Taras Shevchenko National University of Kyiv
Title: THE PROBLEM OF FINITENESS OF HUMAN EXISTENCE IN UKRAINIAN FOLKLORE
Description:
The article analyzes the existential problems of life, death and immortality in Ukrainian folklore (based on Ukrainian fairy tales).
In the corpus of Ukrainian folk tales there are widely used topics, which in European philosophy and literature are called "tragic foundations of human existence" - awareness of the inevitability of death in the earthly existence of man, the search for forms of individual immortality.
In Ukrainian fairy tales there is a dual attitude of the individual to the inevitability of his own death.
On the one hand, there is the motive of reconciliation with the fate of human destiny, and in order to relieve the painful feeling of one's own finitude, the instruction on the higher meaning of the existence of death is forced.
Death is justified because it appears as the prevention of the absurdity of infinite human existence or as an obstacle to the debauchery of the whims and dangerous wishes of the individual, or ultimately as the punishment of people for violating the commandments of the Supreme Spiritual Creature.
In other words, death appears in a number of fairy tales as the expression of the highest world justice.

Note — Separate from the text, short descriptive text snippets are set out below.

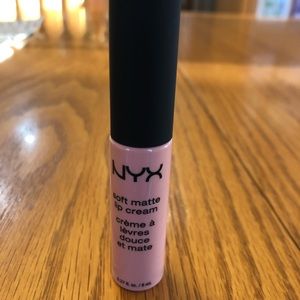 2 NYX Soft Matte Lip Creams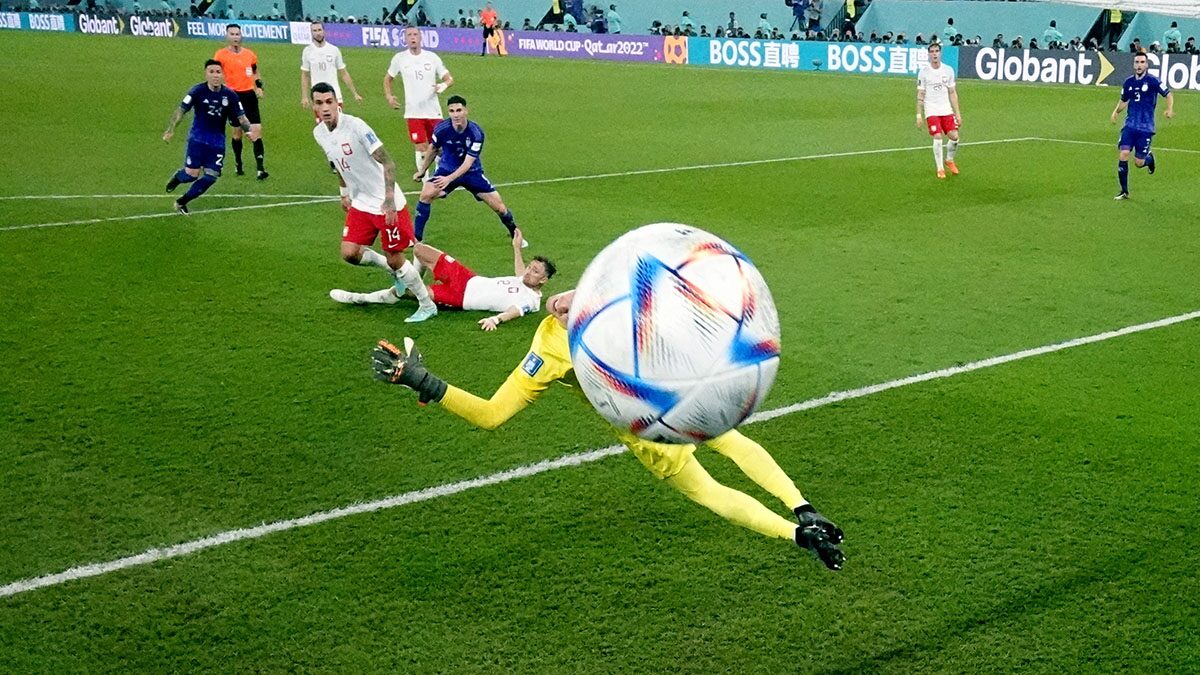 ภาพชุด : ฟุตบอลโลก 2022 อาร์เจนตินา บุกยิงโปแลนด์ 2-0 ฉลุยทั้งคู่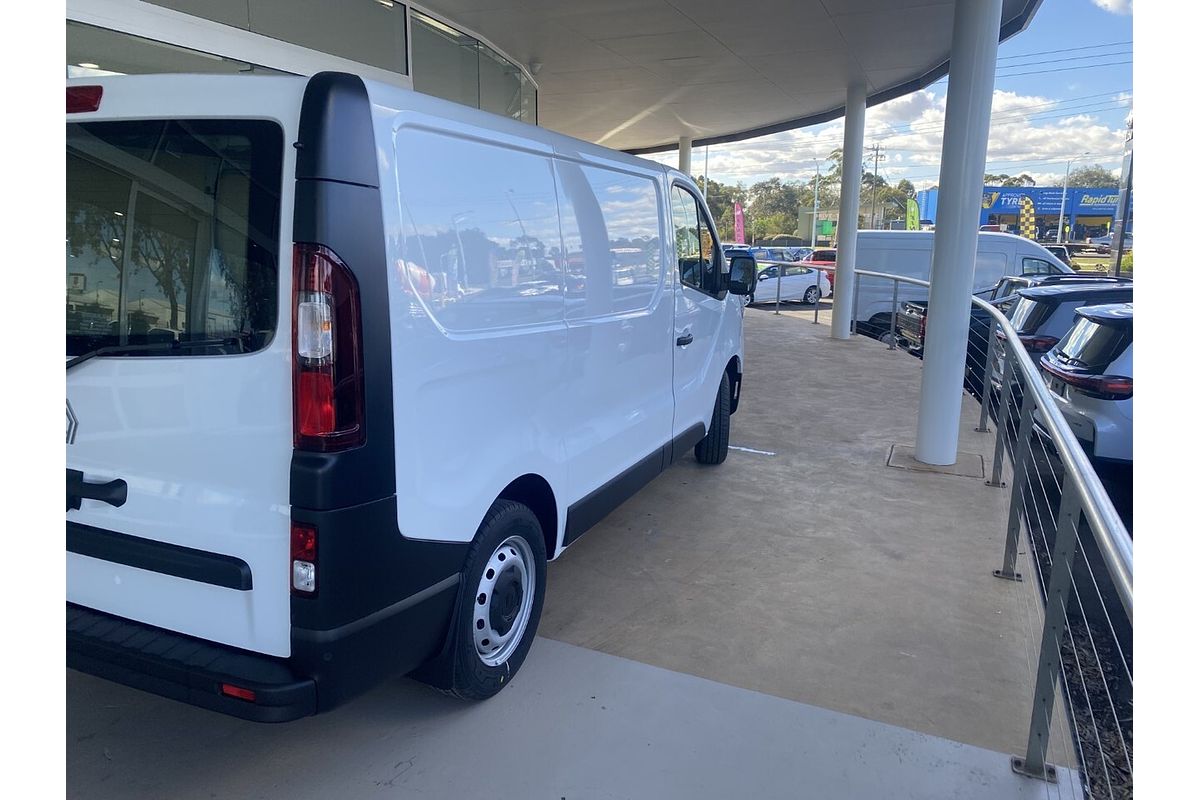 2025 Renault Trafic Pro X82 SWB Low Roof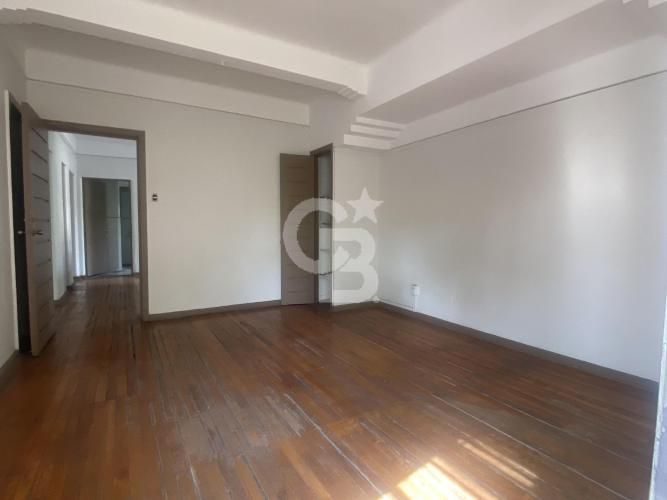 Casa a solo tres cuadras del Metro Inés de Suárez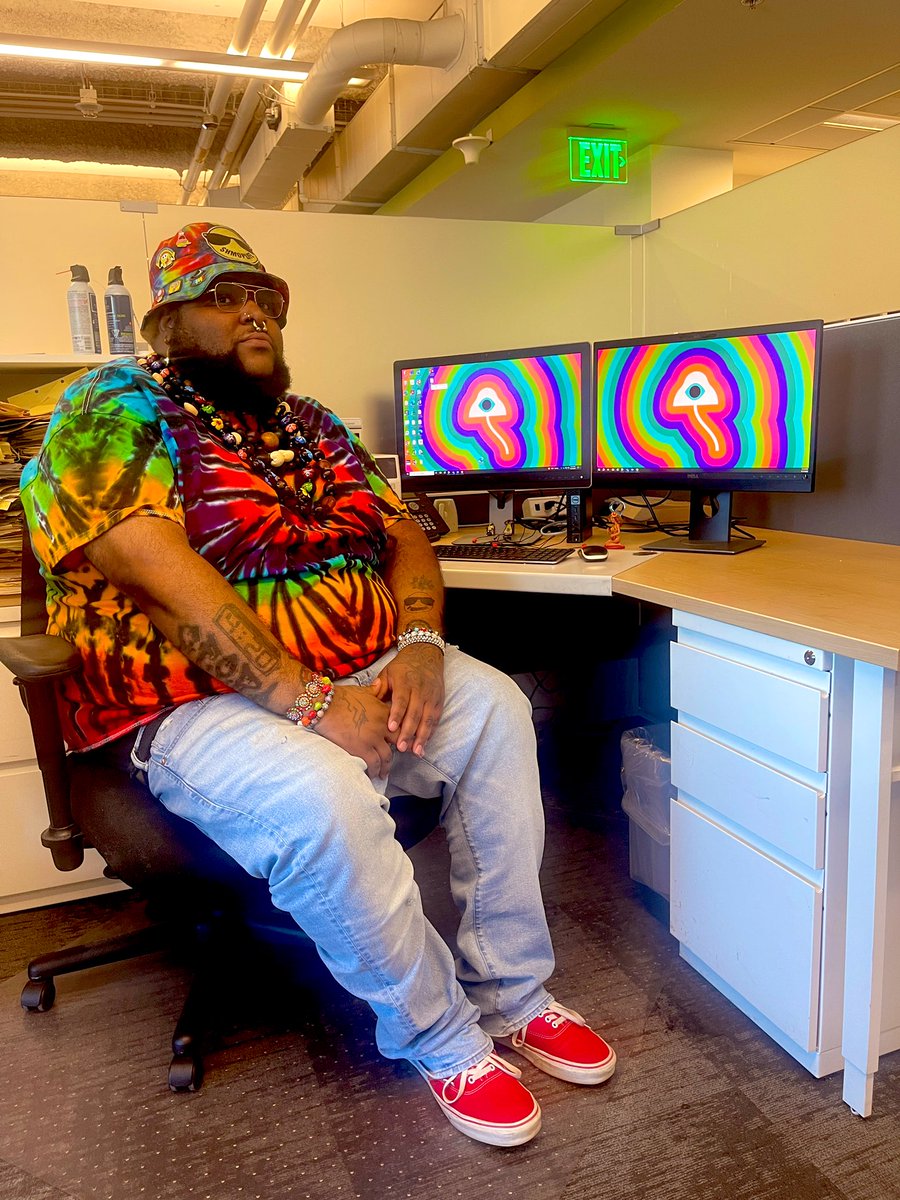 oopzallberryz's tweet image. Yes I have a real job and I show up as myselfβ¦.9-5 Mon-Fri , paid holidays , benefits and a growing 401k babyβ¦grinding on and off the clock π°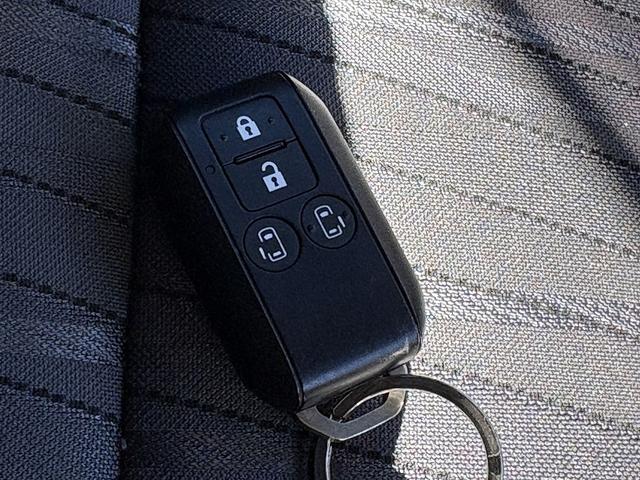 デリカＤ：２ ハイブリッドＭＺ　全周囲カメラ・フルセグナビ・ＢＴオーディオ・両Ｐスラ・ＬＥＤライト・Ｃソナー・ＡＣＣ・ＬＫＡ・ＡＨＢ・シートヒーター・プライバシーガラス・ドアバイザー・ＵＳＢ・本革ステア・ミラーウィンカー（24枚目）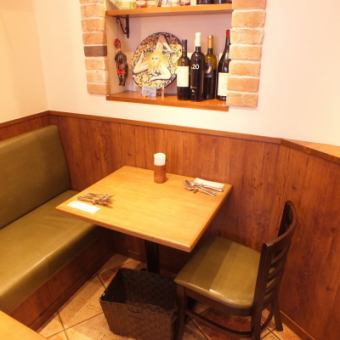 2 people seats.Ideal for dates and meals with friends.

At the same time, death mostly appears in fairy tales as an objectified pagan idea of Death as a concrete living creature with its whims, sympathies and weaknesses.
The problem of finding ways to achieve immortality is traced in Ukrainian fairy tales in two ways.
Most often, this search unfolds in the plane of the victory of the hero of the fairy tale over death, or through the imprisonment of death, or through the marriage of the hero to a divine being.
This is a very common motive in the tales around the world.
Less common is the motive of achieving immortality through the moral self-improvement of the hero, his compliance to the moral commandments of God.
This is already a reflection in fairy tales of the influence of Christianity on the spiritual world of the ancestors of modern Ukrainians.